TASK BRIEF — Your answer must match, word for word, the lines from the one holding "If your commercial" through the final line below, with pictures excluded.

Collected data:
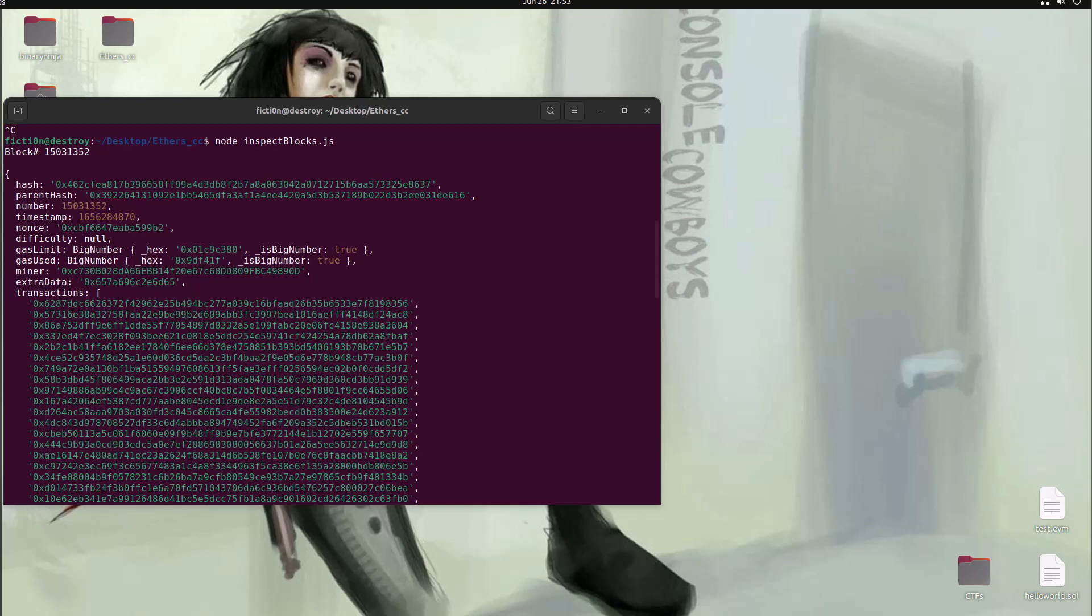I'll probably also put some stuff with some smart contract related stuff within this, but it's going to all be ethers.js. So if you're interested in playing around with that library, seeing how it will benefit you, then this is the right place for you.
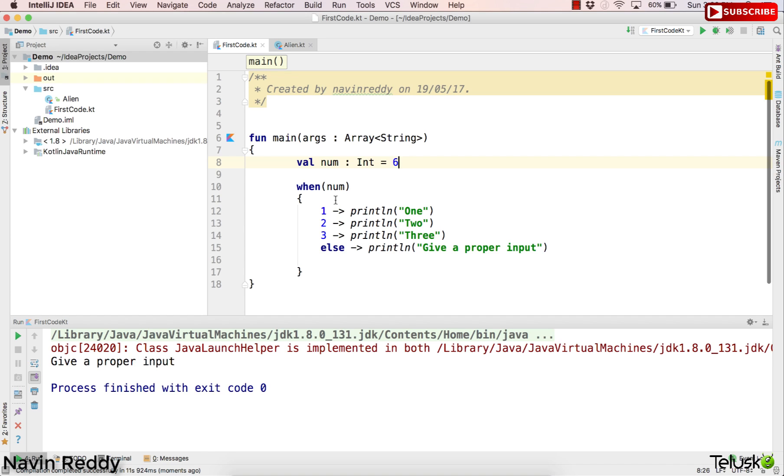So it's running. Now the problem is, I mean not the problem, but then we have a question. I mean that question comes to my mind.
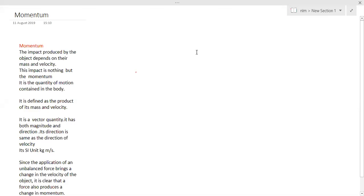Now, let us discuss the concept of momentum. Before actually going into the concept of momentum, let me give a few examples which will make you understand this momentum concept very clearly.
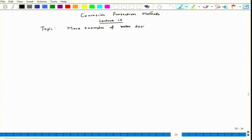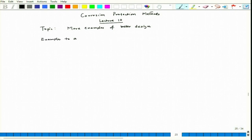Better design will be mostly based on geometry. Let us talk about some examples to avoid local attack, mainly crevice.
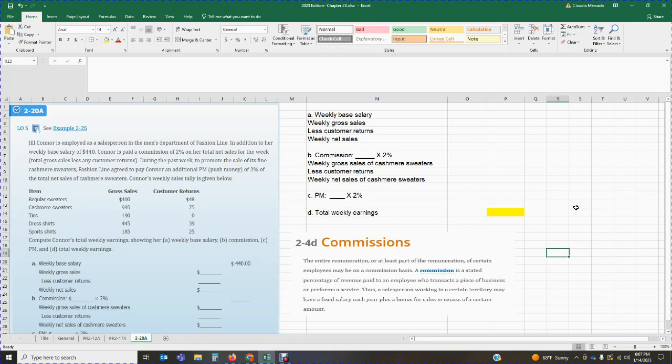During the past week, to promote the sale of its fine cashmere sweaters, Fashion Line agreed to pay Connor an additional push money (P.M.) of two percent of the total net sales of cashmere sweaters. Connor's weekly sales tally is given below, showing the item, the gross sales, and the customer returns. We are asked to compute Connor's total weekly earnings, showing her weekly base salary, commission, push money, and total weekly earnings.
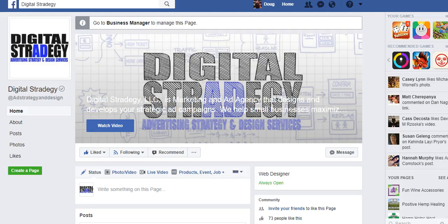Hey everyone, how you doing? Doug Bouton here with DigitalStrategy.com. Today I'm going to make a quick video showing you how to add two call-to-action buttons on your Facebook page. I recently had a client ask me how to add a message now button in addition to a shop now button on the Facebook page.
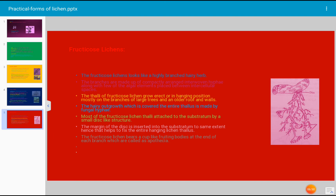The lichen thallus may be in a hanging position or it may be erect. Most fruticose lichens grow on the branches of large trees in the forest, and even on old roofs and walls. The hairy outgrowth covering the entire thallus consists of fungal hyphae, since lichen is composed of fungus and algae. The fruticose lichen thallus attaches to the substratum with the help of a disc-like structure known as a holdfast. The margin of the disc is inserted into the substratum to fix the hanging lichen thallus.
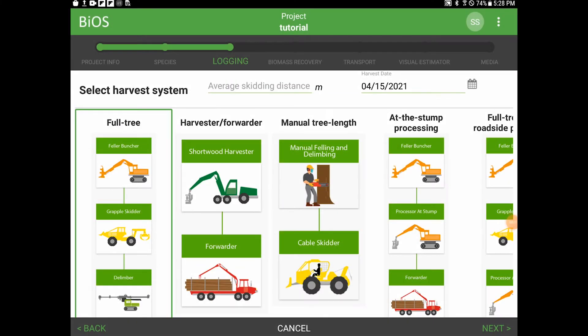Hello everyone and welcome to the third of seven tutorial videos for the BIOS app. My name is Stu Spencer and I'm a senior researcher at FP Innovations. In this video series, we are working through a mock-up scenario with the BIOS app, providing step-by-step direction to assist potential users.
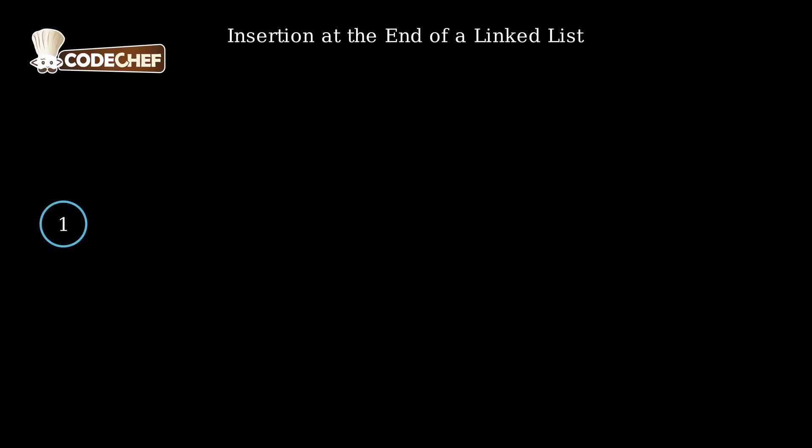Consider a linked list with values 1, 2, and 3. Our goal is to insert the value 4 at the end.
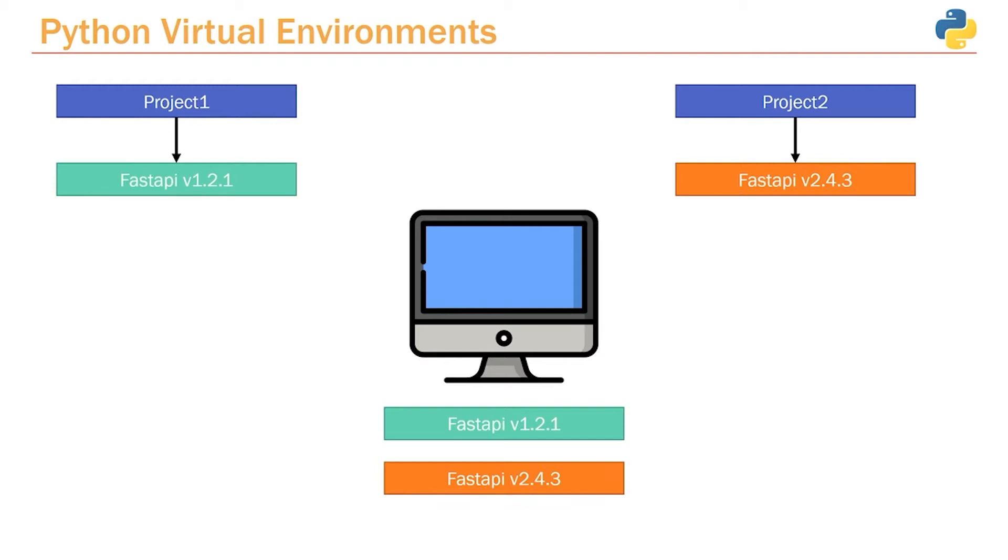This may or may not be a problem. It really just depends on if version 2.4.3 is backwards compatible with version 1.2.1. Because if version 2.4.3 has breaking changes, then ultimately that's going to create issues with our Project 1 because that project expects us to run version 1.2.1.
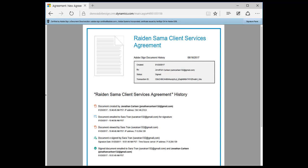The audit trail captures every step in the transaction. Jonathan creating the contract, sending it out for signature, and Sarah signing it. This final document, with its tamper evidence seal, combined with the audit trail that logs every step of the document history, provide legal proof of signing, which can be used in a court of law.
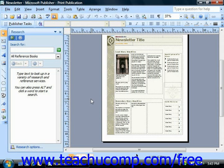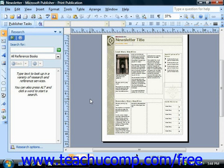If your commercial printer does not accept publisher files created with the Pack and Go tool, then you must save the file as a Postscript file. Before you can save a publication as a Postscript file, you must have a Postscript printer driver installed on your computer. Contact your printing service to either get a copy of this driver on disk or get the Postscript printer description (PPD), so you can download it.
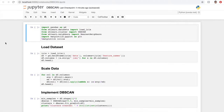In the last video, I demonstrated how the DBSCAN algorithm works. Now I'll show you how to implement it in Python. I'll start by importing my dependencies: pandas for working with the data, sklearn to retrieve the data and call both the DBSCAN and K-nearest neighbors algorithm, and finally matplotlib for plotting.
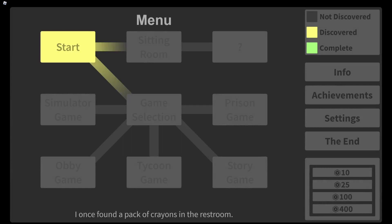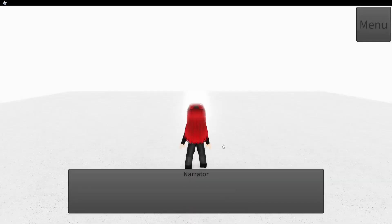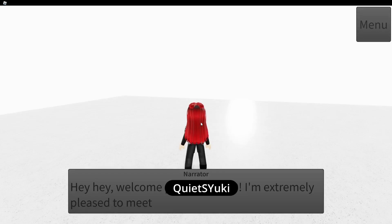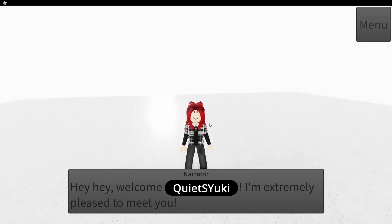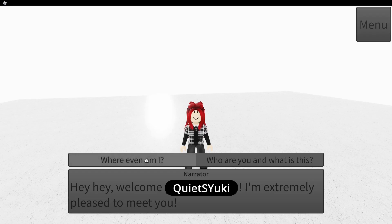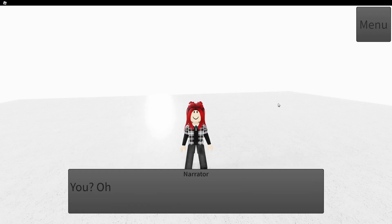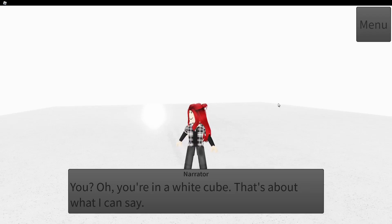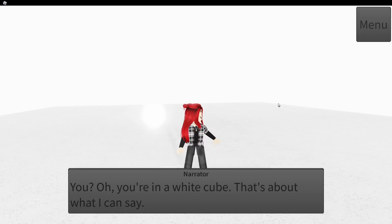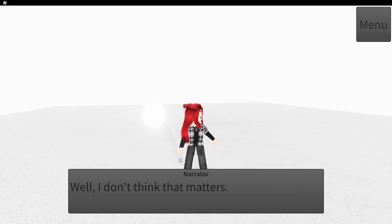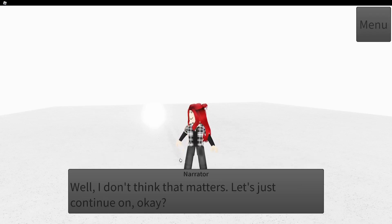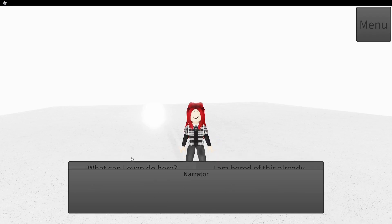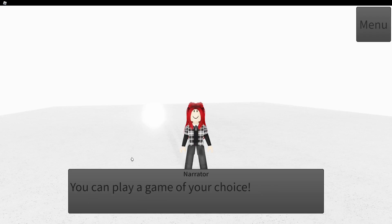See what happens. Oh my gosh, I once found a pack of crowns in the restroom. Apparently that's where we're starting. Cool. Where even am I? But why am I in a white cube? You sus, I don't trust you already. What can I even do here?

RESPONSE AREA —
If your commercial printer does not accept publisher files created with the Pack and Go tool, then you must save the file as a Postscript file. Before you can save a publication as a Postscript file, you must have a Postscript printer driver installed on your computer. Contact your printing service to either get a copy of this driver on disk or get the Postscript printer description (PPD), so you can download it.
In the last video, I demonstrated how the DBSCAN algorithm works. Now I'll show you how to implement it in Python. I'll start by importing my dependencies: pandas for working with the data, sklearn to retrieve the data and call both the DBSCAN and K-nearest neighbors algorithm, and finally matplotlib for plotting.
See what happens. Oh my gosh, I once found a pack of crowns in the restroom. Apparently that's where we're starting. Cool. Where even am I? But why am I in a white cube? You sus, I don't trust you already. What can I even do here?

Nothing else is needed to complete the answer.